[llvm-dev] LLVM libunwind stack usage

Joerg Sonnenberger via llvm-dev llvm-dev at lists.llvm.org
Wed Jan 20 06:52:29 PST 2016


On Wed, Jan 20, 2016 at 09:16:32AM +0000, David Chisnall via llvm-dev wrote:
> On 19 Jan 2016, at 22:09, Ed Maste via llvm-dev <llvm-dev at lists.llvm.org> wrote:
> > 
> > Is it reasonable to change LLVM libunwind to use an approach similar
> > to GCC's unwinder, and have a target-specific maximum DWARF register
> > number? X86 does have DWARF register numbers above the 18 that GCC
> > accommodates, but they're not going to be useful in the unwinder
> > anyhow.
> 
> I am not 100% sure, but I was under the impression that the unwinder
> would restore any registers that had DWARF instructions related to them
> and does not necessarily assume that the default calling convention
> applies.  If I implement a language that uses its own calling
> convention where all registers are callee save (including vector / FPU
> ones), for example, then the unwinder should be able to restore my
> stack frame correctly, similarly if I use a calling convention like
> this for side exits from JIT’d code, to avoid bloating the JIT’d code
> with register saves.  This kind of use would be blocked by the GCC
> approach, which sounds as if it is baking C ABI details into a
> language-agnostic unwinder.

There are a number of complications here. First, it is nowhere really
documented what registers are valid for .eh_frame use -- which is
surprisingly nasty on some platforms like PPC. There is the issue of the
HP interface wanting to use different mappings. I haven't seen any x86
code using FP registers in the EH path, that was a good enough reason to
not mess with the mapping. Further complications are questions like
whether the code should be able to deal with MMX vs FP overlap etc.
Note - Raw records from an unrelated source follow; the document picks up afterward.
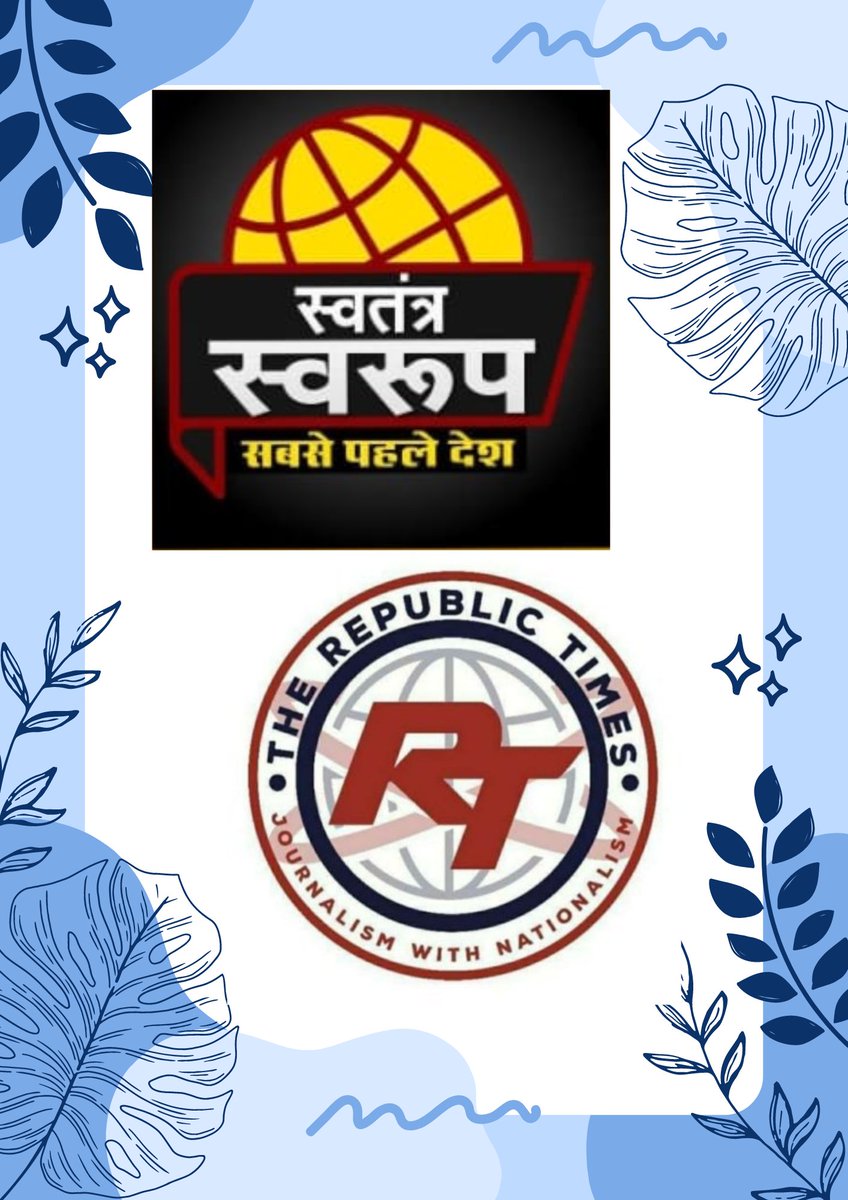 singh_niskarsh's tweet photo. सांख्यिकी और कार्यक्रम कार्यान्वयन मंत्रालय के अनुसार, भारत की खुदरा मुद्रास्फीति एक साल में घटकर 4.75 प्रतिशत पर आ गई है। #मुद्रास्फीति #आर्थिकविकास https://t.co/vsNOi2pRcU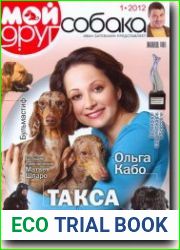 Мой друг собака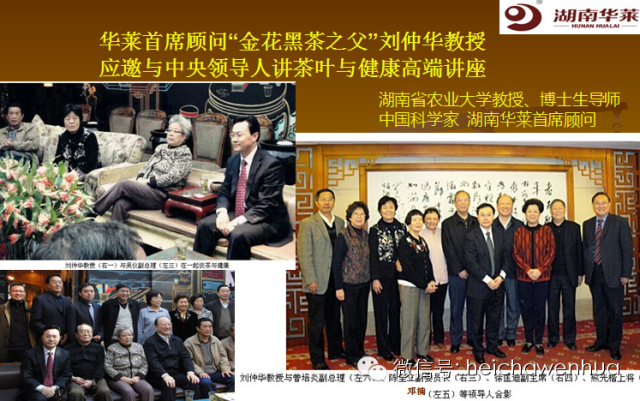 湖南黑茶是一种天然富硒(黑茶中硒的含量是多少)-硒宝网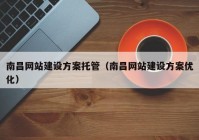 南昌网站建设方案托管（南昌网站建设方案优化）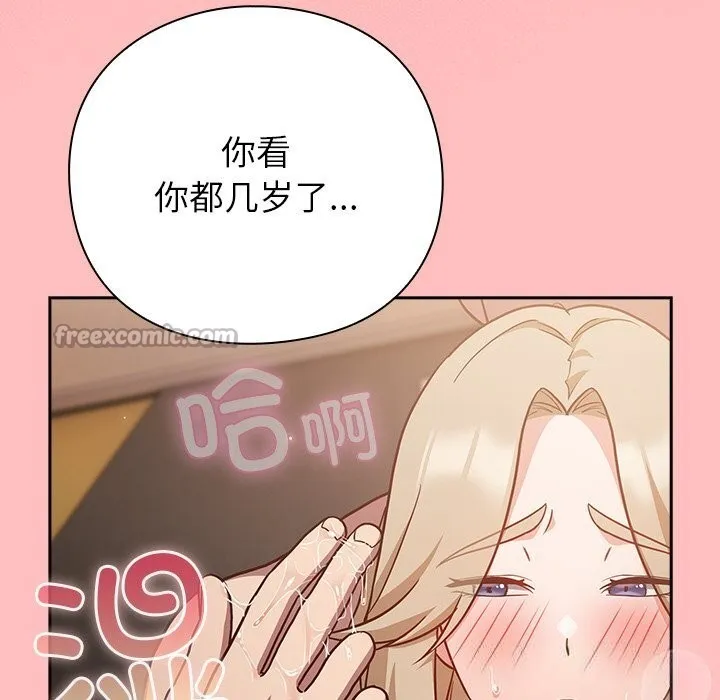 摸鱼生存指南 - 第10話 - page 70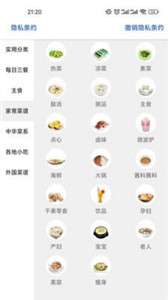 吉吉美食图1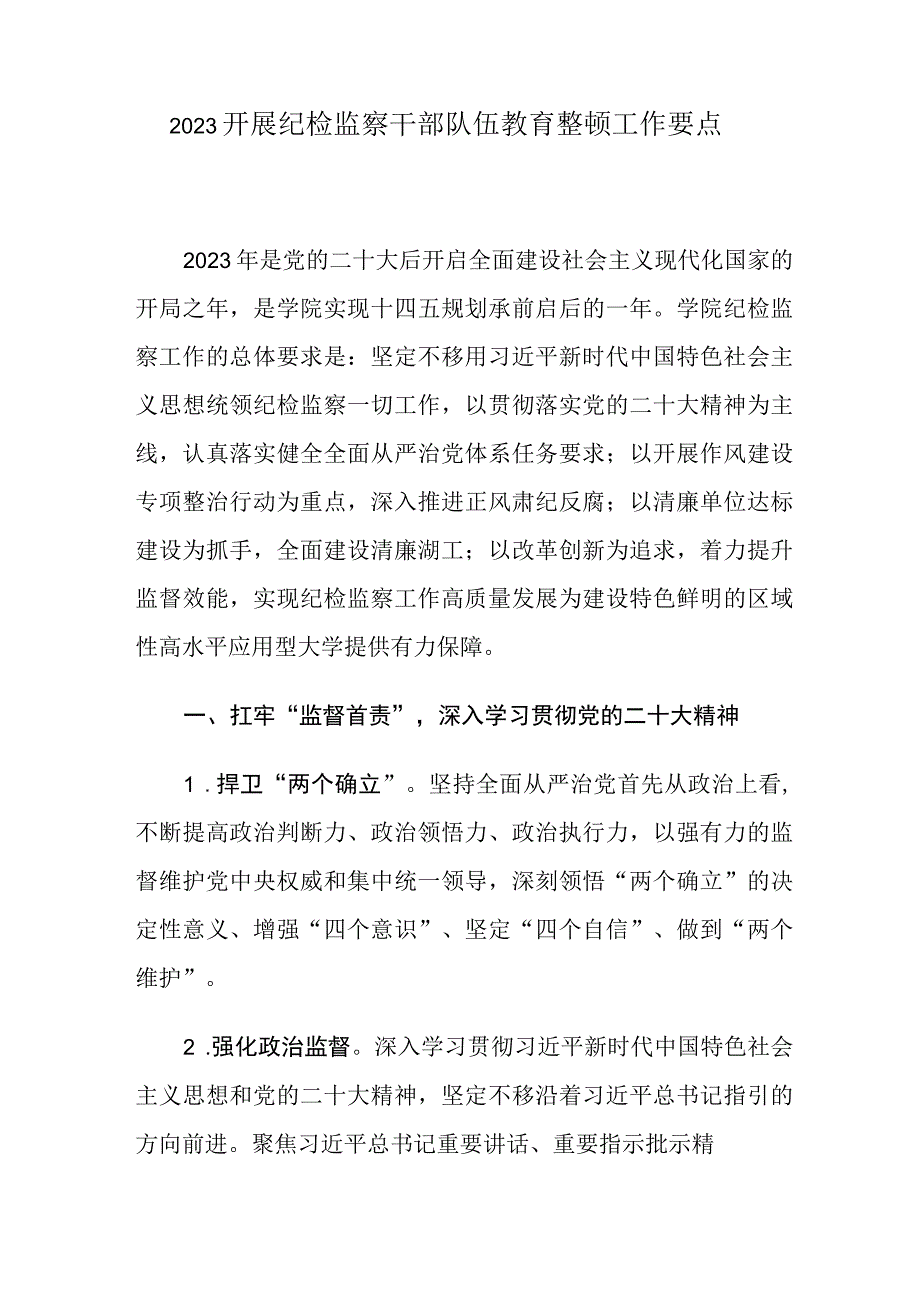 2023开展纪检监察干部队伍教育整顿工作要点.docx_第1页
For ARM, NetBSD is using normal Itanium based unwinding with lazy FP
save/restore. That has the huge advantage of keeping most of the
instruction selection issues out of the code -- if the application is
using VFP, it can be safely assumed that VFP is available, but
otherwise, no need to bother with it.

For non-FP registers, there rarely is a point in trying to skip
saving/restoring all of them, so no platform in NetBSD does that.